2/25/2016

The Great Classical Novels Ⅱ

  

Journey To The West

 Journey to the West is a mythological novel based on many centuries of popular tradition. It was probably put into its present form in the 1570 by Wu Cheng’en (1500-82). This lively fantasy relates the amazing adventures of the priest San-zang as he travels west in search of Buddhist sutras with his three disciples, the irreverent and capable Monkey, greedy Pig, and Friar Sand. The opening chapters recount the earlier exploits of Monkey, culminating in his rebellion against Heaven. We then learn how Sanzang became a monk and was sent on his pilgrimage by the Tang emperor who had escaped death with the help of an Underworld official.
  The main story, the journey, takes the priest through all kinds of entertaining trials and tribulations, mainly at thehands of monsters and spirits who want to eat him. Only the courage and powers of his disciples, especially Monkey, save him from death. Monkey is the hero of the fantasy, and the reader will soon learn why he has long been so loved in China.

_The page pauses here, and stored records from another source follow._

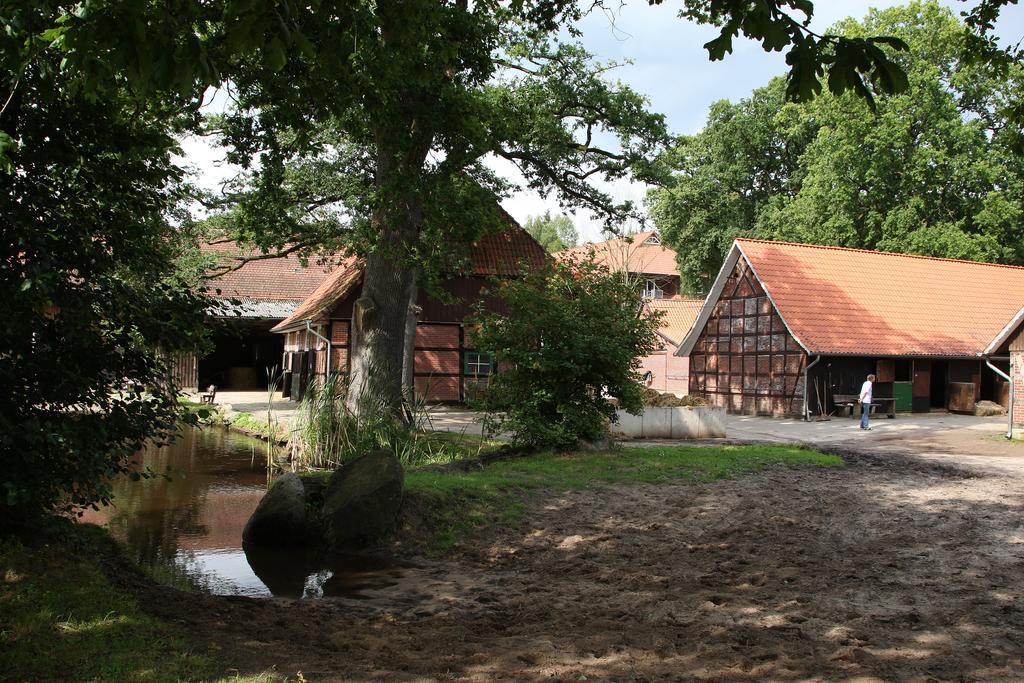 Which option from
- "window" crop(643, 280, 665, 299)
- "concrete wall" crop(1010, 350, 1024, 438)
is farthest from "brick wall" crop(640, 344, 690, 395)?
"concrete wall" crop(1010, 350, 1024, 438)

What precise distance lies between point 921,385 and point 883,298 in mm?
3044

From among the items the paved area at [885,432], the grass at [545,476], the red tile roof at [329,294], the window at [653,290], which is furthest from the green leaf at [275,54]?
the window at [653,290]

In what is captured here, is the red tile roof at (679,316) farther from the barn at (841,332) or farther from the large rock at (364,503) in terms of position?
the large rock at (364,503)

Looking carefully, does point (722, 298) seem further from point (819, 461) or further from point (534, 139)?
point (819, 461)

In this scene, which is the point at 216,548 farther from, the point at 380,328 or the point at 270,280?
the point at 270,280

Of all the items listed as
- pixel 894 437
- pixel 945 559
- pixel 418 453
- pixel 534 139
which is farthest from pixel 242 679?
pixel 894 437

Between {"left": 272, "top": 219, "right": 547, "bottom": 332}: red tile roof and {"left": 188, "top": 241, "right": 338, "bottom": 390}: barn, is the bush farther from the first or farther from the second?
{"left": 188, "top": 241, "right": 338, "bottom": 390}: barn

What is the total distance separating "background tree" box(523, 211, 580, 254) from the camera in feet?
286

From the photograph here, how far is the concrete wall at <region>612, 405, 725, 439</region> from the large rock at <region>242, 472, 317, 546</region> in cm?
881

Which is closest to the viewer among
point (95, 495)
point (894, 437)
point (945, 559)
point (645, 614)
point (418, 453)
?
point (95, 495)

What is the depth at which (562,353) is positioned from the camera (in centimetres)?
1296

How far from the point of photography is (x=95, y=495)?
5.25 metres

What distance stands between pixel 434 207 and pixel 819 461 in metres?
7.61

Will the pilgrims reach the Vulture Peak and obtain the Scriptures? The answer will only be found at the end of the l00-chapter novel.
  The story is as full of imagination as Monkey can do magic, and travel with clouds and has down-to-earth humors. The illustrations are from the 19th-century Chinese edition. This is the first of the three volumes of the novel.

 Dream of the red chamber

A wide branched scholarship does not agree about the main theme of this novel, should it be a novel of sentiment, of social observation, of the decay of an aristocratic families, or even a veiled attack on Manchu rule. The frame of the novel is the contest of a Buddhist and a Daoist priest who make be born a young noble boy called Baoyu Jia and his girl cousin Daiyu Lin. With a loving detail describing the life of the two cousins in a huge noble mansion, between gardens and palaces, the symbolist of the triangular love between Baoyu, Daiyu and a second girl cousin called Baochai Xue that is of more plumper character than the ever sick Daiyu. Switching between their life, the divine world and dreams, Baoyu becomes deranged after the disappearance of a stone (the origin of the second title) he had in his mouth when he was born. Not knowing, his love Daiyu died, he is tricked to marrying Baochai. Becoming aware of being tricked, Baoyu leaves the world of the "red dust" and becomes a monk.
  With hundreds of persons and their stories, paralleling the life and feelings of servants to the life of the main persons, the story is very complex and full of symbolisms. But it remains very interesting and convincing for its encyclopedic character, depicting the life of a noble family in the 18th century of China.
   These works are great value not only in the past, nor in the present but also in the future. Anyhow, a majority of us today are still enjoying them and drawing lessons from the incidents told on each page of them, deeply and gratefully.